▶ _WHAT TO PRODUCE_
Please set down the records exactly, keeping every line.

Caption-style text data
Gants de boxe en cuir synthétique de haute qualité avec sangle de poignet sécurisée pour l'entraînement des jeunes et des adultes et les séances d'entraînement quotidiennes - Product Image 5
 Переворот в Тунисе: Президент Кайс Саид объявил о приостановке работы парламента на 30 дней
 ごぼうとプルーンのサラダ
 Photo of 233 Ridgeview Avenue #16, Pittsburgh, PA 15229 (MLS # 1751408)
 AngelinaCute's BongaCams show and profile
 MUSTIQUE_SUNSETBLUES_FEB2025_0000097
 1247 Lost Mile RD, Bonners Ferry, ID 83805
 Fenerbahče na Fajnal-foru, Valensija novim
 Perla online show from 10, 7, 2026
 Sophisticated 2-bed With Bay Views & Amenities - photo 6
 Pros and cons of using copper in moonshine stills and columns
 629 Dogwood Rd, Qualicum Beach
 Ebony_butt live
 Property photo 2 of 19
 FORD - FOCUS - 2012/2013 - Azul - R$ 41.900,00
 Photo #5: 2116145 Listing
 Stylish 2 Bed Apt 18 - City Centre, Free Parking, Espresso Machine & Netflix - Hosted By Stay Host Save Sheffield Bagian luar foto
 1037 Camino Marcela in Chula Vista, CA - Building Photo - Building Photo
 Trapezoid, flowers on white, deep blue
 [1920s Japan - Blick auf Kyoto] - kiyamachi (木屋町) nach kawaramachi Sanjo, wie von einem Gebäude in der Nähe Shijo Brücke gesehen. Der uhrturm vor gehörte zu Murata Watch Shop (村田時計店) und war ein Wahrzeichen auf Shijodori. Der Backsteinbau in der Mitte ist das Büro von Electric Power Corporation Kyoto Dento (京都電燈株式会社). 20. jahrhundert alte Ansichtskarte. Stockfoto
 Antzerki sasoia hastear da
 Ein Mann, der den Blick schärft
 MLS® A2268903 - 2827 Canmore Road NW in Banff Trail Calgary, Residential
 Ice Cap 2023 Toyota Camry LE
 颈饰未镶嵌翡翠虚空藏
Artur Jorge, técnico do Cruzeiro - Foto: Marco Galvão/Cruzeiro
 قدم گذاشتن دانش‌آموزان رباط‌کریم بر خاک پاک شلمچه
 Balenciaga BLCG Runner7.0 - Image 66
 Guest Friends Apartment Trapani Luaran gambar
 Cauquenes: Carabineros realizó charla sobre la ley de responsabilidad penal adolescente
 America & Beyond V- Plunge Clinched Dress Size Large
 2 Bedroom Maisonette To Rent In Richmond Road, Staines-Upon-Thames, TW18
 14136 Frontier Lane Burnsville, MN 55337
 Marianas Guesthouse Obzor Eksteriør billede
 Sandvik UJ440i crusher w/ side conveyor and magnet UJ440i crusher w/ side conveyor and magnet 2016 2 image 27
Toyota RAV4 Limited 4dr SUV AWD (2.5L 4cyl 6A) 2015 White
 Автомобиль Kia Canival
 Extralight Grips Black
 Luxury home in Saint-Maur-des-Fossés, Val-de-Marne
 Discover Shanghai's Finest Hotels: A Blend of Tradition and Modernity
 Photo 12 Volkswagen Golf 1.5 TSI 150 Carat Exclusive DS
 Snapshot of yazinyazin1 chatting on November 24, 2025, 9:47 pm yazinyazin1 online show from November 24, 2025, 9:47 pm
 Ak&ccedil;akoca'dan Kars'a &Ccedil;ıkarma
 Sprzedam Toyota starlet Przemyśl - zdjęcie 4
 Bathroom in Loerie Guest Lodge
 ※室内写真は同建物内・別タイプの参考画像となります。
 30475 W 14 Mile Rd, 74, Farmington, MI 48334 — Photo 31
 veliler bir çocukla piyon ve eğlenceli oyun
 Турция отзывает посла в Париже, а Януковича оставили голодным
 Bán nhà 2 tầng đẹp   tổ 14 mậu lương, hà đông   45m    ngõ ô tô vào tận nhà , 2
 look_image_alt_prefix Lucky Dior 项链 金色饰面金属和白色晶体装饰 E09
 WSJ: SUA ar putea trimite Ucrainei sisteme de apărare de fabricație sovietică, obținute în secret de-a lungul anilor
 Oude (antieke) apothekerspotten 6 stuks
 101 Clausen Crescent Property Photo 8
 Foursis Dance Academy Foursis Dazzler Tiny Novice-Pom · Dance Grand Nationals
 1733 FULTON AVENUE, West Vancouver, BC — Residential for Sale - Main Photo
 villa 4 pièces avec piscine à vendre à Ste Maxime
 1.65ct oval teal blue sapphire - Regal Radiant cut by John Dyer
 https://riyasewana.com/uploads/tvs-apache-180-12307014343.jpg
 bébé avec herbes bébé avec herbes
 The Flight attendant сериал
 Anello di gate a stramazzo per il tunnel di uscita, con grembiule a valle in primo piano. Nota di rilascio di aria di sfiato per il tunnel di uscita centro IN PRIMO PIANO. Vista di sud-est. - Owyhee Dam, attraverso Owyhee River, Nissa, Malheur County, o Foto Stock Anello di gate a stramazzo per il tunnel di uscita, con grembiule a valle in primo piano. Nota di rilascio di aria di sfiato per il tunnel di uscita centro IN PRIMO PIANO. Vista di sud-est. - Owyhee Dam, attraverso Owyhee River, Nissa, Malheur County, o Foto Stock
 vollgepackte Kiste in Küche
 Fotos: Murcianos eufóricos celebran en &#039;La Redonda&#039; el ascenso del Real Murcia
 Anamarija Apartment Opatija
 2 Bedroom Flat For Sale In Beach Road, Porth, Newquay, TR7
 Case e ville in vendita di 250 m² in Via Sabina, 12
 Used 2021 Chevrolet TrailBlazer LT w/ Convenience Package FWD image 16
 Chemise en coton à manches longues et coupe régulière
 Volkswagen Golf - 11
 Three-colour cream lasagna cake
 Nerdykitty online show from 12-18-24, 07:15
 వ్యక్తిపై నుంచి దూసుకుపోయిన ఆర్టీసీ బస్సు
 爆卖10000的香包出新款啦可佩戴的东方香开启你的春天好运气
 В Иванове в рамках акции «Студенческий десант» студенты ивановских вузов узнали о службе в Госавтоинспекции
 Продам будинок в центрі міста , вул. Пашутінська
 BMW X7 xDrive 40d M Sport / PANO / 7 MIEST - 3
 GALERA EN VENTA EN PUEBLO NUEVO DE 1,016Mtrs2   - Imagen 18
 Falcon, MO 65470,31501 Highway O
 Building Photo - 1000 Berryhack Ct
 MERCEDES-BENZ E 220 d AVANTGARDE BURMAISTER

▶ _RESPONSE_
Gants de boxe en cuir synthétique de haute qualité avec sangle de poignet sécurisée pour l'entraînement des jeunes et des adultes et les séances d'entraînement quotidiennes - Product Image 5
 Переворот в Тунисе: Президент Кайс Саид объявил о приостановке работы парламента на 30 дней
 ごぼうとプルーンのサラダ
 Photo of 233 Ridgeview Avenue #16, Pittsburgh, PA 15229 (MLS # 1751408)
 AngelinaCute's BongaCams show and profile
 MUSTIQUE_SUNSETBLUES_FEB2025_0000097
 1247 Lost Mile RD, Bonners Ferry, ID 83805
 Fenerbahče na Fajnal-foru, Valensija novim
 Perla online show from 10, 7, 2026
 Sophisticated 2-bed With Bay Views & Amenities - photo 6
 Pros and cons of using copper in moonshine stills and columns
 629 Dogwood Rd, Qualicum Beach
 Ebony_butt live
 Property photo 2 of 19
 FORD - FOCUS - 2012/2013 - Azul - R$ 41.900,00
 Photo #5: 2116145 Listing
 Stylish 2 Bed Apt 18 - City Centre, Free Parking, Espresso Machine & Netflix - Hosted By Stay Host Save Sheffield Bagian luar foto
 1037 Camino Marcela in Chula Vista, CA - Building Photo - Building Photo
 Trapezoid, flowers on white, deep blue
 [1920s Japan - Blick auf Kyoto] - kiyamachi (木屋町) nach kawaramachi Sanjo, wie von einem Gebäude in der Nähe Shijo Brücke gesehen. Der uhrturm vor gehörte zu Murata Watch Shop (村田時計店) und war ein Wahrzeichen auf Shijodori. Der Backsteinbau in der Mitte ist das Büro von Electric Power Corporation Kyoto Dento (京都電燈株式会社). 20. jahrhundert alte Ansichtskarte. Stockfoto
 Antzerki sasoia hastear da
 Ein Mann, der den Blick schärft
 MLS® A2268903 - 2827 Canmore Road NW in Banff Trail Calgary, Residential
 Ice Cap 2023 Toyota Camry LE
 颈饰未镶嵌翡翠虚空藏
Artur Jorge, técnico do Cruzeiro - Foto: Marco Galvão/Cruzeiro
 قدم گذاشتن دانش‌آموزان رباط‌کریم بر خاک پاک شلمچه
 Balenciaga BLCG Runner7.0 - Image 66
 Guest Friends Apartment Trapani Luaran gambar
 Cauquenes: Carabineros realizó charla sobre la ley de responsabilidad penal adolescente
 America & Beyond V- Plunge Clinched Dress Size Large
 2 Bedroom Maisonette To Rent In Richmond Road, Staines-Upon-Thames, TW18
 14136 Frontier Lane Burnsville, MN 55337
 Marianas Guesthouse Obzor Eksteriør billede
 Sandvik UJ440i crusher w/ side conveyor and magnet UJ440i crusher w/ side conveyor and magnet 2016 2 image 27
Toyota RAV4 Limited 4dr SUV AWD (2.5L 4cyl 6A) 2015 White
 Автомобиль Kia Canival
 Extralight Grips Black
 Luxury home in Saint-Maur-des-Fossés, Val-de-Marne
 Discover Shanghai's Finest Hotels: A Blend of Tradition and Modernity
 Photo 12 Volkswagen Golf 1.5 TSI 150 Carat Exclusive DS
 Snapshot of yazinyazin1 chatting on November 24, 2025, 9:47 pm yazinyazin1 online show from November 24, 2025, 9:47 pm
 Ak&ccedil;akoca'dan Kars'a &Ccedil;ıkarma
 Sprzedam Toyota starlet Przemyśl - zdjęcie 4
 Bathroom in Loerie Guest Lodge
 ※室内写真は同建物内・別タイプの参考画像となります。
 30475 W 14 Mile Rd, 74, Farmington, MI 48334 — Photo 31
 veliler bir çocukla piyon ve eğlenceli oyun
 Турция отзывает посла в Париже, а Януковича оставили голодным
 Bán nhà 2 tầng đẹp   tổ 14 mậu lương, hà đông   45m    ngõ ô tô vào tận nhà , 2
 look_image_alt_prefix Lucky Dior 项链 金色饰面金属和白色晶体装饰 E09
 WSJ: SUA ar putea trimite Ucrainei sisteme de apărare de fabricație sovietică, obținute în secret de-a lungul anilor
 Oude (antieke) apothekerspotten 6 stuks
 101 Clausen Crescent Property Photo 8
 Foursis Dance Academy Foursis Dazzler Tiny Novice-Pom · Dance Grand Nationals
 1733 FULTON AVENUE, West Vancouver, BC — Residential for Sale - Main Photo
 villa 4 pièces avec piscine à vendre à Ste Maxime
 1.65ct oval teal blue sapphire - Regal Radiant cut by John Dyer
 https://riyasewana.com/uploads/tvs-apache-180-12307014343.jpg
 bébé avec herbes bébé avec herbes
 The Flight attendant сериал
 Anello di gate a stramazzo per il tunnel di uscita, con grembiule a valle in primo piano. Nota di rilascio di aria di sfiato per il tunnel di uscita centro IN PRIMO PIANO. Vista di sud-est. - Owyhee Dam, attraverso Owyhee River, Nissa, Malheur County, o Foto Stock Anello di gate a stramazzo per il tunnel di uscita, con grembiule a valle in primo piano. Nota di rilascio di aria di sfiato per il tunnel di uscita centro IN PRIMO PIANO. Vista di sud-est. - Owyhee Dam, attraverso Owyhee River, Nissa, Malheur County, o Foto Stock
 vollgepackte Kiste in Küche
 Fotos: Murcianos eufóricos celebran en &#039;La Redonda&#039; el ascenso del Real Murcia
 Anamarija Apartment Opatija
 2 Bedroom Flat For Sale In Beach Road, Porth, Newquay, TR7
 Case e ville in vendita di 250 m² in Via Sabina, 12
 Used 2021 Chevrolet TrailBlazer LT w/ Convenience Package FWD image 16
 Chemise en coton à manches longues et coupe régulière
 Volkswagen Golf - 11
 Three-colour cream lasagna cake
 Nerdykitty online show from 12-18-24, 07:15
 వ్యక్తిపై నుంచి దూసుకుపోయిన ఆర్టీసీ బస్సు
 爆卖10000的香包出新款啦可佩戴的东方香开启你的春天好运气
 В Иванове в рамках акции «Студенческий десант» студенты ивановских вузов узнали о службе в Госавтоинспекции
 Продам будинок в центрі міста , вул. Пашутінська
 BMW X7 xDrive 40d M Sport / PANO / 7 MIEST - 3
 GALERA EN VENTA EN PUEBLO NUEVO DE 1,016Mtrs2   - Imagen 18
 Falcon, MO 65470,31501 Highway O
 Building Photo - 1000 Berryhack Ct
 MERCEDES-BENZ E 220 d AVANTGARDE BURMAISTER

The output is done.